Un relato mucho menos conocido sobre Holi nos sitúa en la época en la que los dioses querían ver casado al Señor Shiva, y mandaron a Kamadeva, el dios del amor, a traspasar con su flecha a Shiva, para que se enamorara de Parvati Devi. Shiva no toleró este insulto, y, abriendo Su tercer ojo, destruyó a Kamadeva, reduciéndolo a cenizas. Más tarde, lo que no hizo la lujuria, lo pudo lograr Parvati practicando ascetismo y con devoción inquebrantable. Durante años, Parvati vivió en el bosque rogando por Su Señor. Shiva, conmovido, entregó Su amor a la Diosa.
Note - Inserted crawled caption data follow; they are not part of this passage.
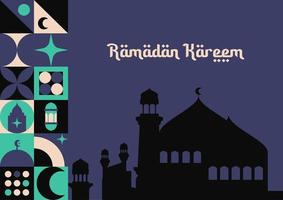 Kareem Ramadan. modèle de carte de voeux islamique avec ramadan pour la conception de papier peint, affiche, bannière médiatique. vecteur de ramadan. illustration de ramadan.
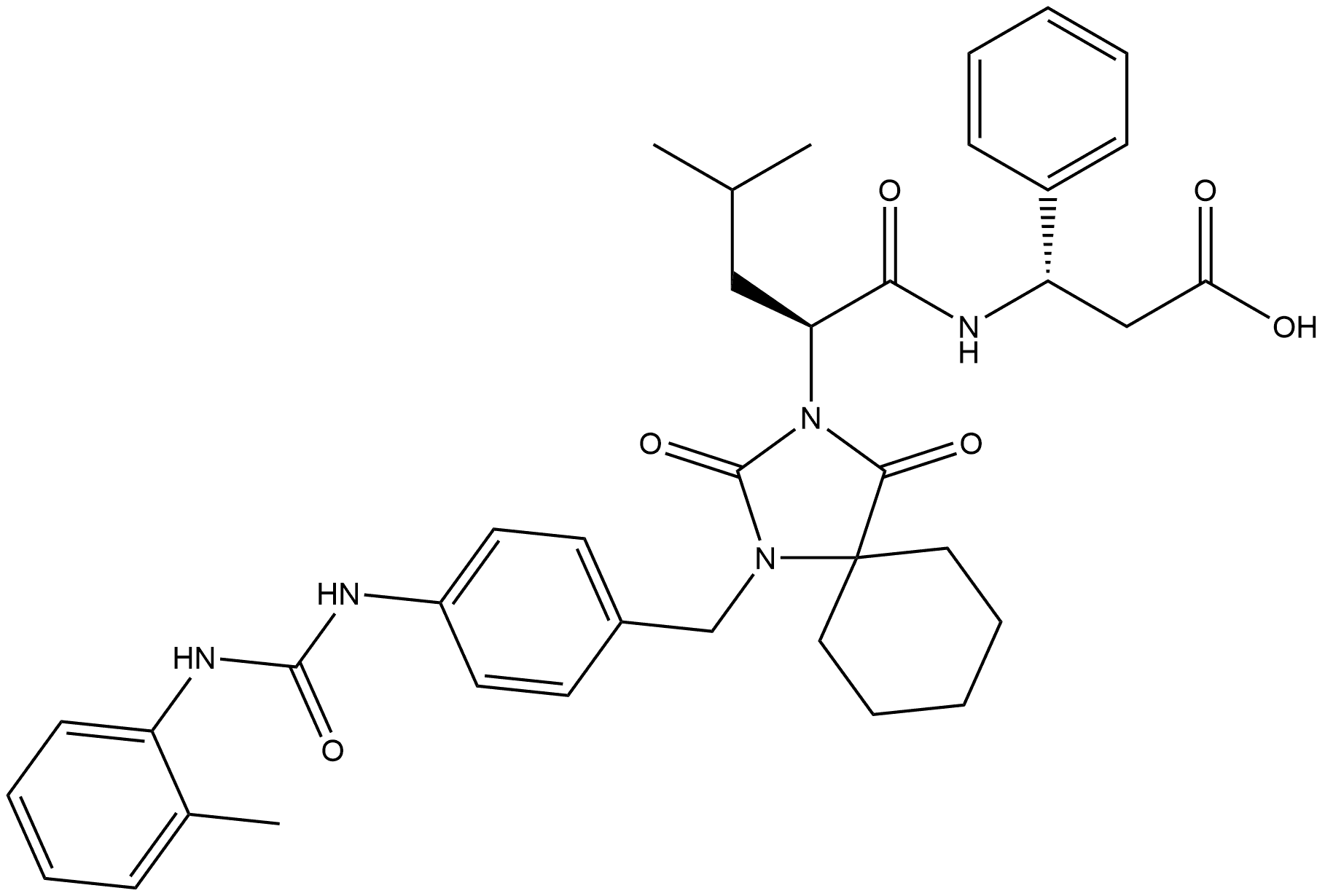 Benzenepropanoic acid, β-[[(2S)-4-methyl-2-[1-[[4-[[[(2-methylphenyl)amino]carbonyl]amino]phenyl]methyl]-2,4-dioxo-1,3-diazaspiro[4.5]dec-3-yl]-1-oxopentyl]amino]-, (βS)- Structure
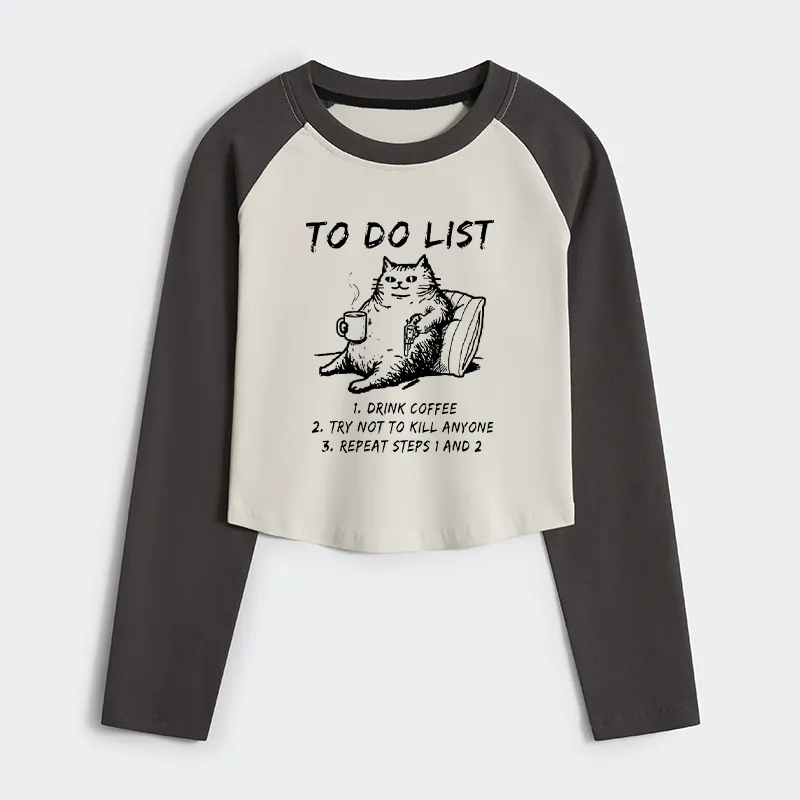 Tokyo-Tiger Cat's To-Do List Women's Crop Raglan T-Shirt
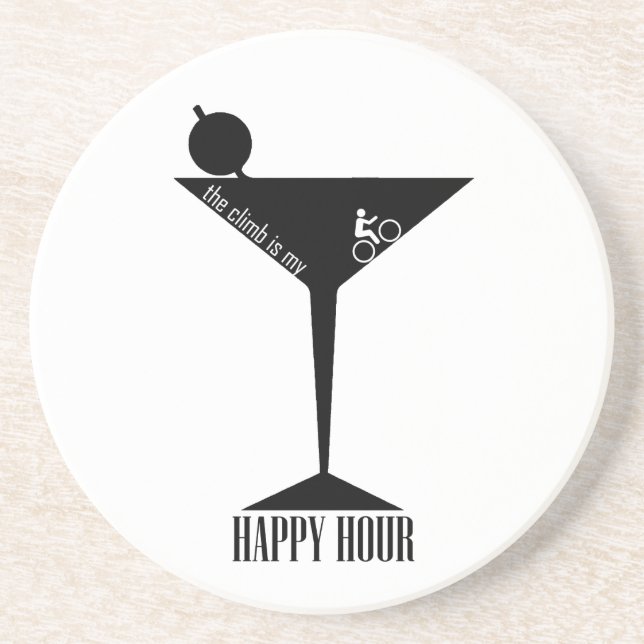 The Climb Is My Happy Hour Sandstone Coaster (Front)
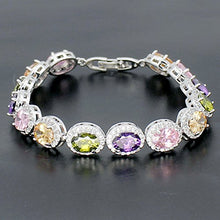 Load image into Gallery viewer, Oval Ladies Tennis Bracelet Garnet White Topaz Amethyst Citrine Peridot Pink Topza 7 inch (Multi Genstones)
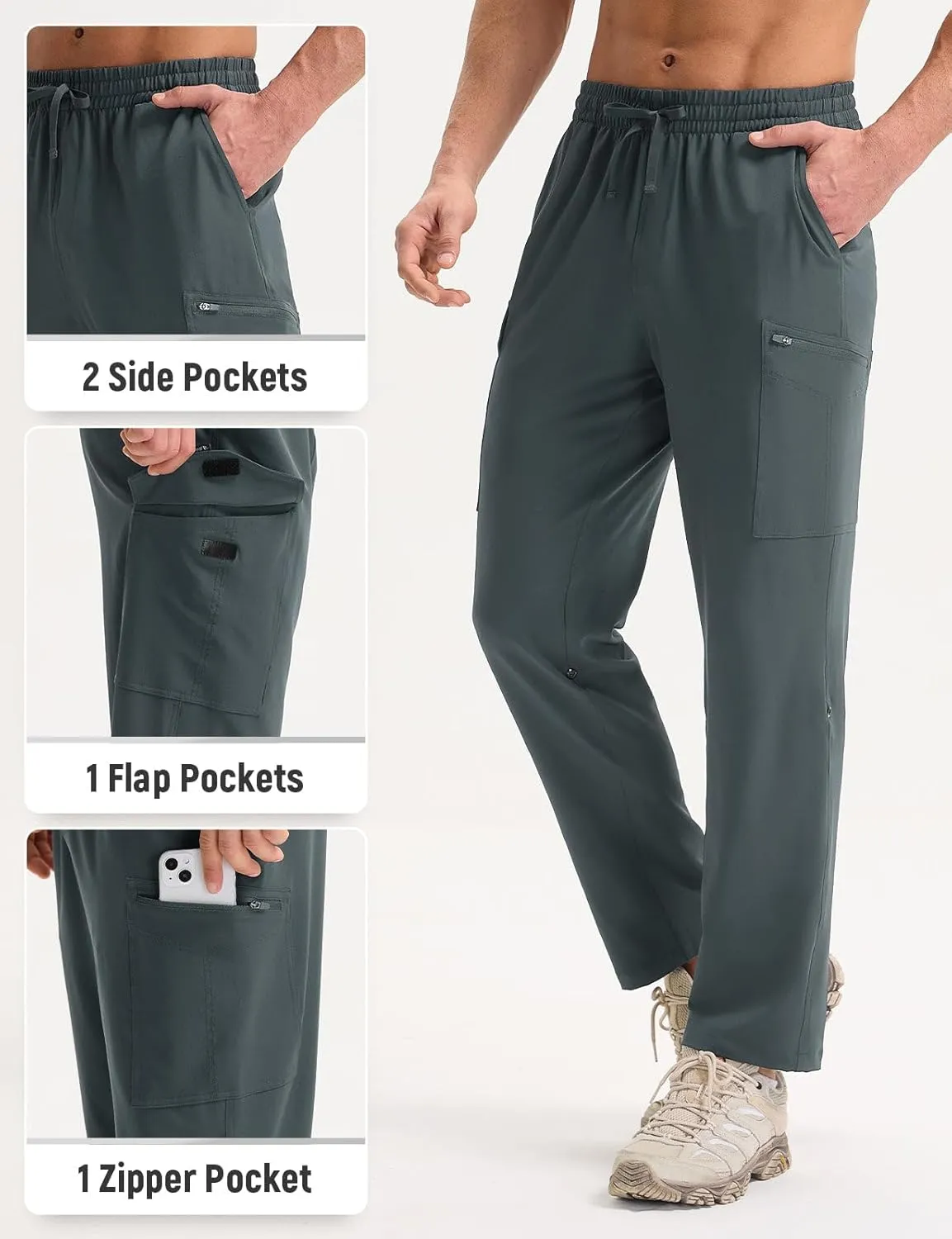 baleaf Men's Hiking Pants Water Resistant Convertible Cargo Capri Roll Up Capri UPF50  Zipper Pockets Clothing Travel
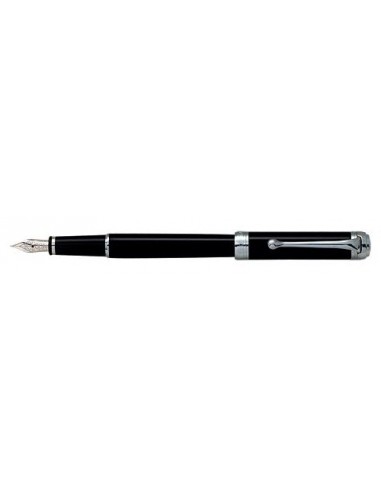 Aurora Talentum Finesse Black w/ Chrome Trim Extra Fine Point Fountain Pen - AU-D13N-EF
Se dice que, habiendo Shiva recapacitado, y sabiendo que el impulso amoroso es necesario para la vida en la tierra, devolvió su cuerpo a Kamadeva, lo cual sucedió en este día. Así, en Holi se celebra con gran alegría el retorno del amor.

 

Cualquiera que sea de estos tres el origen de Holi, o si son los tres u otros desconocidos, lo único seguro es que la fiesta llena los días de India de color, alegría, y amor por las criaturas. En sí, ya es esto una razón para celebrar.

 

 

Shloka:

 

Siddhi-buddhi-prade devi

 

Bhukti-mukti-pradāyiṇi

 

Mantra-mūrte sadā devi

 

Mahā-lakṣmi namo’stu te

 

Oh, Maha Lakshmi, me postro ante aquella que concede éxito e inteligencia, disfrute terrenal y liberación. Diosa, tu forma es la sílaba mística.